I've always had a keen ability to look at the world through lenses of hopefulness. While TV news and newspapers might tell me to feel differently, I've carefully guarded my perspective in spite of the barrage of negativity that's thrown most of our faces. That was until recently, when certain subliminal fears of mine all came bubbling up to the surface at once on our babymoon in Colorado.

My husband and I were driving from the Denver airport to his aunt and uncle's house in Vail. It was dark outside, but you could still see the beautiful scenery all around us. Colorado always feels like a breath of fresh air from my (although beloved) Houston, which doesn't exactly offer the same kind of nature-high. Although we'd taken this drive many times before and it had always left me feeling pretty in awe, I felt differently this time. The weather was acutely bizarre in Colorado on this particular trip and it almost felt like the mountains were crying. I couldn't help but feel like the air was a bit apocalyptic as I contemplated everything that's at stake for our planet and how little time we have left to fix it. Typically an educated optimist about our planet, I was overcome with despair. Maybe we won't fix it at all, I thought for the first time. Then I started to cry.

I couldn't keep it in anymore. I told Ben how terrified I'd been lately, not just of global warming and the world we were creating for our children that I feel so powerless over, but of the current state of our political affairs and how this election could be the beginning of the end of everything. I couldn't see a bright star in the cloudy sky of current events, and I can always find a bright star. Instead, I felt totally bombarded by the world around me, depressed even. I wasn't capable of finding a new perspective and I couldn't seem to find anyone else capable of it either. Even the people I can always rely on to lift my spirits hadn't been able to lift them recently. Tears streaming down my face, I was also starving, and of course the only food for miles was a Carl's Jr. (nothing like a little factory-farmed food to nosh on when you're feeling devastated about the planet...) We walked in, and I greeted the attendant with wet cheeks.

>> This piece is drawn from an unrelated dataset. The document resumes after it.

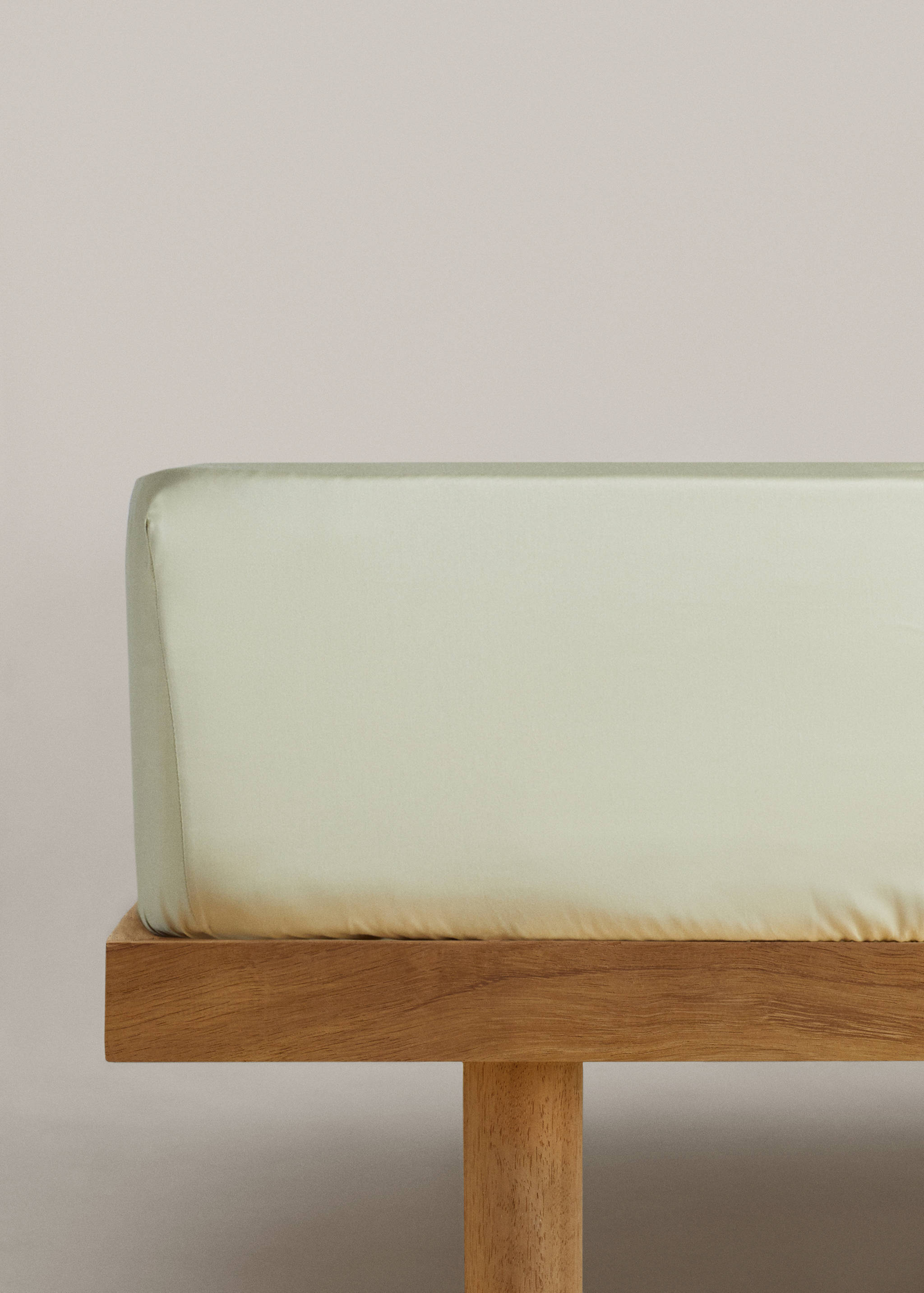 Drap-housse satin lit 135/140 cm - Article sans modèle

"Sorry, I'm just really upset about global warming. I'll have the #7," I said.

Ben got back in the car with me afterward and spent the rest of our drive saying several things to me that lifted me out of the trenches. I don't think I would have emotionally survived the next few days without our talk in that car, because the next day Alton Sterling was brutally murdered followed by the murder of Phillando Castille and five police officers murdered in Dallas. I sat in front of my laptop reading and crying sporadically as these events unfolded but was somehow able to maintain a sense of calm I'd found within me in that car. "Remember what Martin Luther King Jr. said, that the arc of the moral universe is long, but always bends toward justice," Ben had reminded me. "Sometimes our planet and the people who live on it experience immense devastation and tragedy, but good always, always prevails." I was calmed by the reminder that good would indeed prevail throughout even the most frightening of circumstances. 

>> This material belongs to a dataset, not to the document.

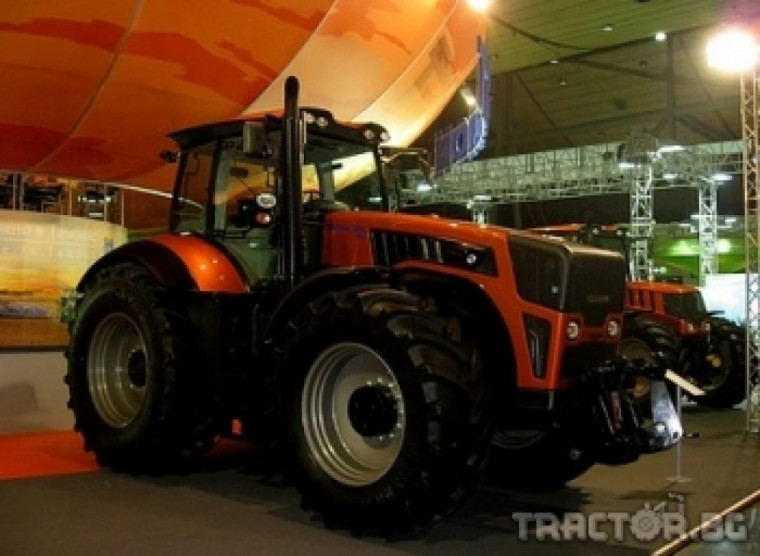 Пуснаха нов модел трактор Кировец 3000 с бордкомпютър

When we got home from our trip, I backed up from all the news I'd been absorbing before we left. I realized that in order to make a real difference in my universe, I would have to bring with me the energy I was seeking to find in it. In order to be the light I was needing, I would have to protect my light with everything I had. This didn't mean tuning out reality and playing dumb - instead, it meant being careful with how long I spent taking in information and choosing wisely where I chose to focus my attention and energy. If I allowed myself to get continually bogged down, I could be of no use to anyone (myself included.)

And so I couldn't help but notice that in these last two weeks, our world unknowingly followed the same procedure and got a whole lot happier. No, the election didn't stop in its tracks, but a very large number of nations in a war-torn world came together for the Olympic games. We cheered each other on, we held each other's hands, we remembered that we're all from different countries but still from the same world. We proved that, once again, in spite of sparring governments and tense histories, our inherent desire is to come together. With more chaos than I've remembered in my short lifetime happening all around us, we celebrated with each other. I wondered what it would be like if we could just hold onto that for longer than two weeks.

Now that the Olympics are over, and as I anticipate my Facebook newsfeed will once again re-populate with aggressive insults coming from one side of the political aisle to the other, I intend to remain rooted in the memory of how united we really are. Although we might be asked to see ourselves as different from one another, although we might be asked to choose fear, or build big giant walls, over choosing love, we all mostly know better than that. Inside of each of us, we know that the people next to us are our brothers and sisters.

We love each other. We just forget sometimes.